Prologue
“I wonder what sort of tale we’ve fallen into?”
It's been quite a journey for Frodo and Sam when the little gardener wonders this. Ever since they left home they’ve encountered more wonders and more dangers than they could have possibly imagined. The battle on Weathertop. The flight to the ford. The beauty of Rivendell. The dark mines of Moria, where they lost their beloved Gandalf. Their fellowship has fallen apart; their friends are now far away on another part of the journey. Into the shadow of Mordor they’ve come, two little hobbits and their cooking gear on a journey to save the world.
It's at this point Sam says, “I wonder what sort of tale we’ve fallen into?” Sam could not have asked a better question.
He assumes that there is a story, there is something larger going on. He also assumes that they have somehow tumbled into it; been swept up into it.
What sort of tale have I fallen into? is a question that would help us all a great deal if we wondered it for ourselves.

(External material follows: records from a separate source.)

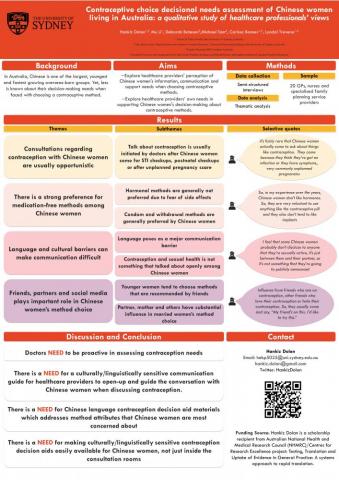 Contraceptive Choice Decisional Needs Assessment Of Chinese Women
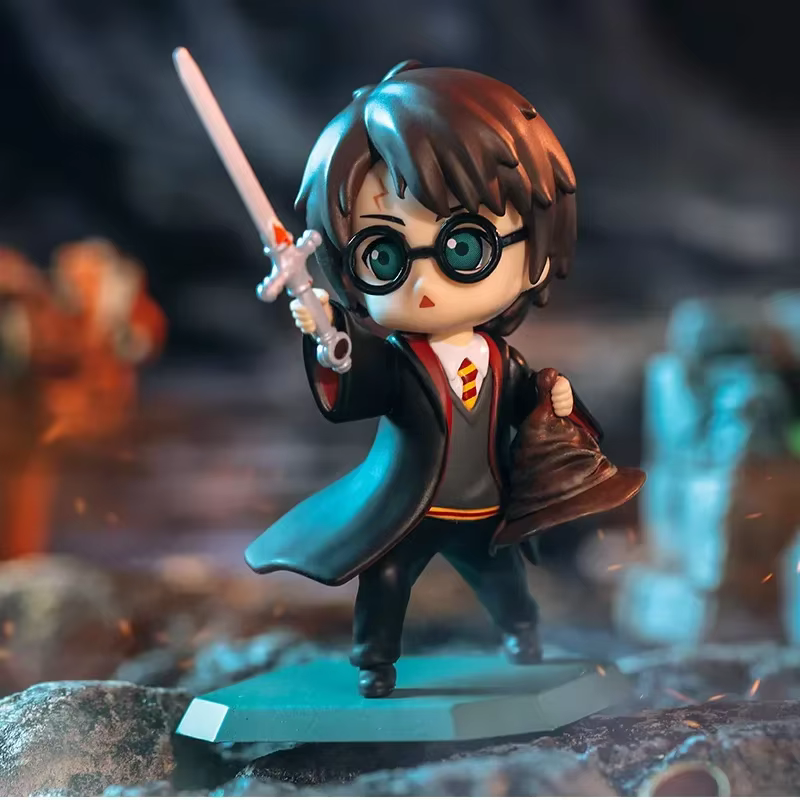 POP MART Harry Potter et la chambre des secrets série boîte aveugle devinez sac jouets originaux poupée mignon Anime Figure ornements cadeau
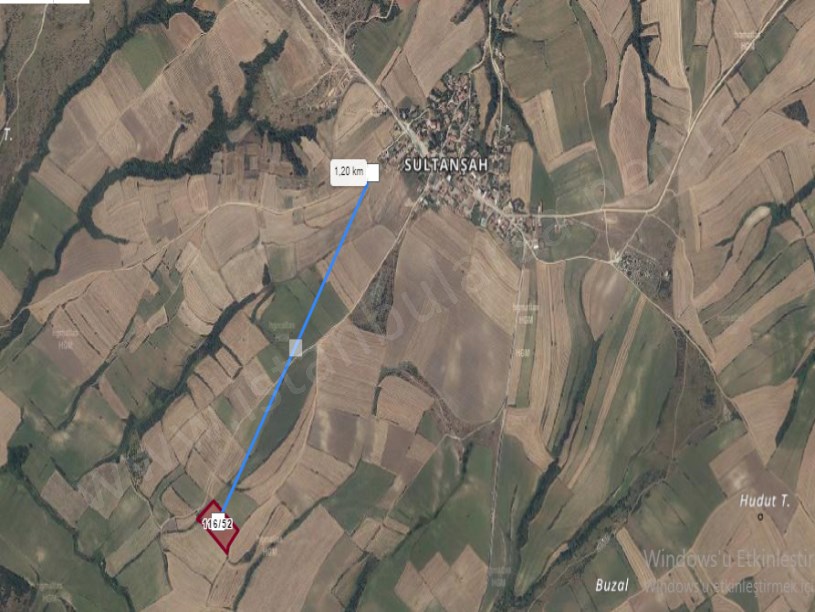 Edirne Uzunköprü Sultanşah Köyünde Satılık Tarla , 1,590 M2 Yolu Var Hisseli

It just might be the most important question we ever ask.
Life is a Story
Life, you’ll notice, is a story.
Life doesn’t come to us like a math problem. It comes to us like a story does, scene by scene. You wake up. What will happen next? You don’t get to know – you have to enter in, take the journey as it comes. The sun might be shining. There may be a tornado outside. Your friends might call and invite you to go sailing. You might lose your job.
Life unfolds like a drama. Doesn’t it? Each day has a beginning and an end. There are all sorts of characters, all sorts of settings. A year goes by like a chapter from a novel. Sometimes it seems like a tragedy. Sometimes like a comedy. Most of it feels like soap opera. Either way, it’s a story through and through.
“All of life is a story,” as Madeline L’Engle reminds us.
This is helpful to know. When it comes to figuring things out in this life you’re living, you’d do well to know the rest of the story.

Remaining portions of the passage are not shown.